DISCUSSION PPL seeks to quash the subpoenas issued in the name of this Court seeking documents held by PPL and UCE on the basis that this Court does not have personal jurisdiction over either PPL or UCE. (See Dkt. #231). Per the Declaration of Peter Hoffman in support of the motion to quash, PPL is a Colorado limited liability company with its principal place of business in Los Angeles, California, and has not made any affirmative contacts with New York

on any relevant matter. (See Dkt. #231-2 at ¶ 5). UCE is a Texas limited liability company and likewise made no affirmative contacts with New York on any relevant matter. (Id. at ¶ 4). UCE did not separately object to the subpoenas issued to them and it is the Court’s understanding that UCE has now produced a substantial volume of responsive documents. (See Dkt. #239 at 12). Plaintiff argues that PPL’s motion should be denied on several grounds and requests that the Court order PPL and UCE to comply with the subpoenas, award to Plaintiff attorneys’ fees and costs resulting from of PPL’s

noncompliance and motion to quash, and issue sanctions against PPL and non-party Peter Hoffman for their obstructive conduct. (See Dkt. #233, 239, 245).
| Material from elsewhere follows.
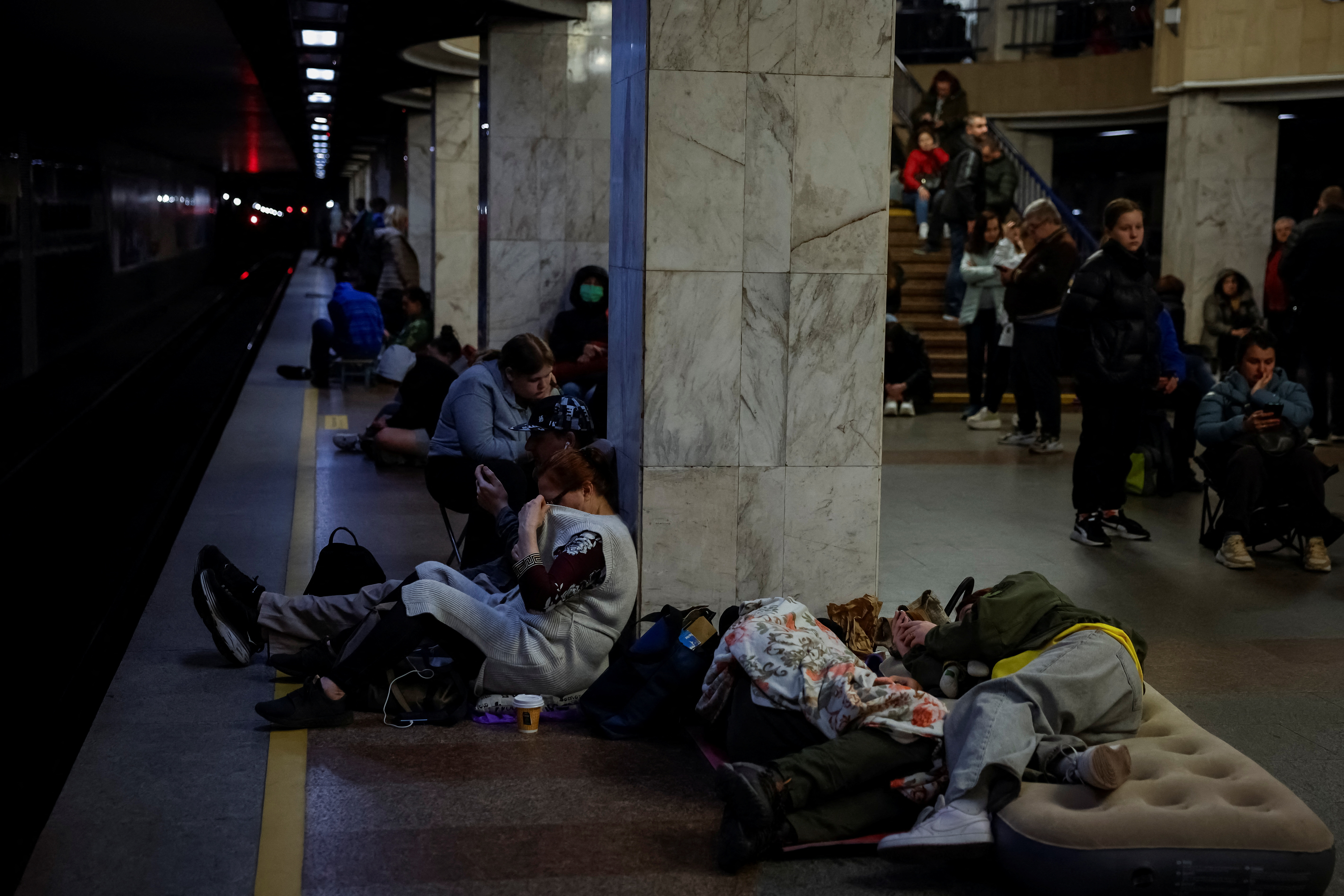 Ρωσικό σφυροκόπημα στο Κίεβο: Τουλάχιστον 9 νεκροί, πάνω από 70 τραυματίες-2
Plaintiff’s use of subpoenas to obtain documents from PPL and UCE, in furtherance of post-judgment discovery under Federal Rule of Civil Procedure 69(a)(2), is governed by Federal Rule of Civil Procedure 45. The provisions of Rule 45 also dictate how the Court must resolve PPL’s motion and Plaintiff’s requests. Rule 45(a) provides that “[a] subpoena must issue from the court

where the action is pending,” Fed. R. Civ. P. 45(a)(2), and that it may be signed and issued by an attorney authorized to practice in the issuing court, see id. at (a)(3). Rule 45(b) requires that a subpoena be served by “delivering a copy to the named person,” id. at (b)(1), and authorizes service “at any place within the United States,” id. at (b)(2). Rule 45(c)(2)(A) enables an issuing party to command “production of documents, electronically stored information, or tangible things at a place within 100 miles of where the person [subject to the

subpoena] resides, is employed, or regularly transacts business in person[.]” The Court concludes that the substance of Plaintiff’s subpoenas to PPL and UCE and the manner of issuance and service comply with all of these provisions. (See Dkt. #226-5, 226-6, 233-1 at 8-9, 233-6, 233-8). However, PPL and Plaintiff err in their failure to adhere to various subparts of Rule 45(d). First, turning to PPL’s motion to quash, the Court notes that subsection (d)(3) of Rule 45 dictates that a motion to quash a subpoena must be timely filed with “the court for the district where compliance is required,” not with the

issuing court. Fed. R. Civ. P. 45(d)(3)(A), (B); see also Fed. R. Civ. P. 45(f) advisory committee’s note to 2013 amendment (“Under Rules 45(d)(2)(B), 45(d)(3), and 45(e)(2)(B), subpoena-related motions and applications are to be made to the court where compliance is required under Rule 45(c).”); KGK Jewelry LLC v. ESDNetwork, No. 11 Civ. 9236 (LTS) (RLE), 2014 WL 1199326, at *2 (S.D.N.Y. Mar. 21, 2014).